My parents were great role models.  As kids we were encouraged to spend many hours playing outside on the farm, and we learnt very quickly not to say, “I’m bored”, or we would get a job to do! Probably the biggest reason we were ‘kicked outside to play’ by Mum, was because we lived in a small three-bedroom house.  We spent hours playing Tarzan in the bush, cowboys and Indians in the hayshed, or careering down the hill in my brother’s homemade go-kart.  We were footloose and carefree. It’s no wonder that sense of connection to nature, the outdoors and being aware of resourcefulness has remained with me.  

As a grown up…

I was a teacher, a co-owner in a building company, a real estate salesperson, a landscaper and I am now a celebrant, an eco-celebrant!  The values I grew up with have really stuck with me throughout the years and sustainability has travelled with me.  I was the ‘Rubbish Lady’ at Gulf Harbour School where I introduced the compost bin and showed kids how to separate their waste, probably at a time when it was quite ‘uncool’, and most kids were not that engaged.  A class project of making a huge paper mache compost heap for a science exhibition showed how obsessed I was with the whole thing.  I went onto working with waste management from Council to create better ways of recycling on building sites, qualified as a green home assessor, created a Naturally Smarter Homes community assessment project and when in real estate became one of two qualified eco-brokers in NZ at the time. My tag line was - ‘down to earth real estate’ and everything I said or did had a green tinge to it! During this time I established a community group known as Sustainable Paremoremo, with the aim of inspiring and educating locals.  We were acknowledged for our work by two sustainability awards from the Auckland Council. The group is still very active.

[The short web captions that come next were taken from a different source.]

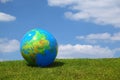 Large inflatable globe lies on grass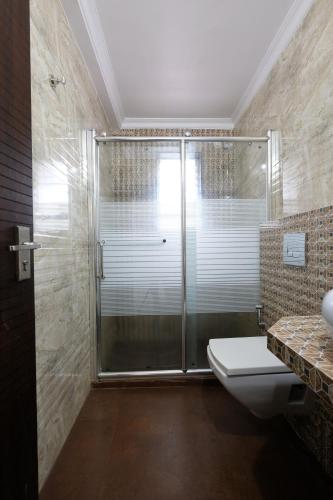 a bathroom with a glass shower and a toilet at Nishka holiday home in Candolim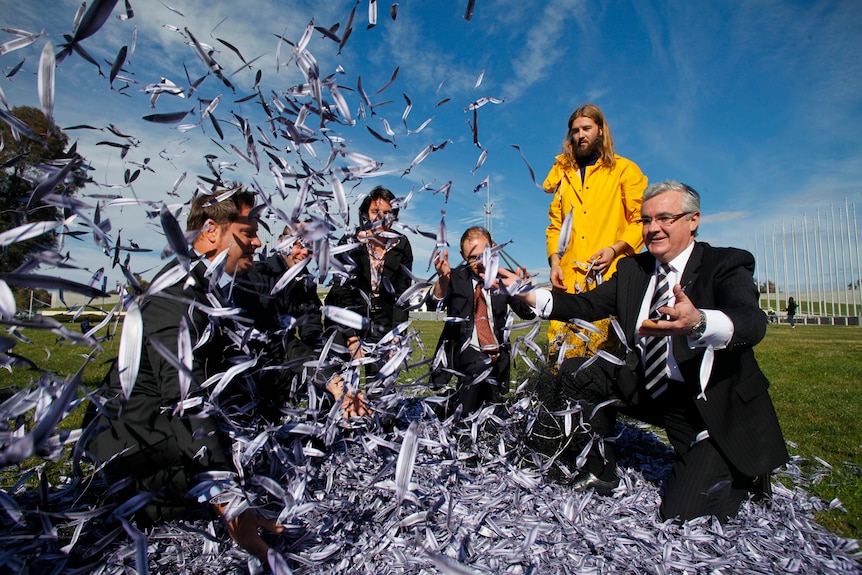 Independent MP Andrew Wilkie and Australian Greens Senator Peter Whish-Wilson join fish protest.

Following on from Sustainable Paremoremo

Or Sus Pare to the locals, I jumped ship, joined up with Dave and we became a team of landscapers – Dave with the hardscape knowledge, me with the softscape knowledge.  Guess what we called ourselves?  Sustainable Landscapes! Our tag line – ‘finding a better way’, and our slogan - We follow nature’s path by working with natural products and local resources to create beautiful landscapes.

And this is what we did solidly for five to six years.  We created landscapes for clients, and at the same time we were creating and constructing Warblers Retreat.  It was relentless, seven days a week.  Any resources we had – money or left-over materials were absorbed into the property.  Quite a bit of our work was for the Auckland Council as Dave had previously had contracts with them.  With contracts like this, there’s always waste materials.  Waste not, want not – now as you wander around Warblers Retreat, you may recognize an old familiar looking ex-Council park seat, there’s old totara logs that were replaced from a playground in Torbay, rustic timber from the Browns Bay board walk, old kauri floorboards destined for firewood that were rescued from a client’s property, a sign and old wheel from my late brother’s place, old macrocarpa beams a client was removing, bamboo from the stand at the bottom of our bush, and so on.  These are just some of the materials that have been reused and incorporated into the garden design. Dave has an incredible eye for something you can make use of, and he’s very good at doing it!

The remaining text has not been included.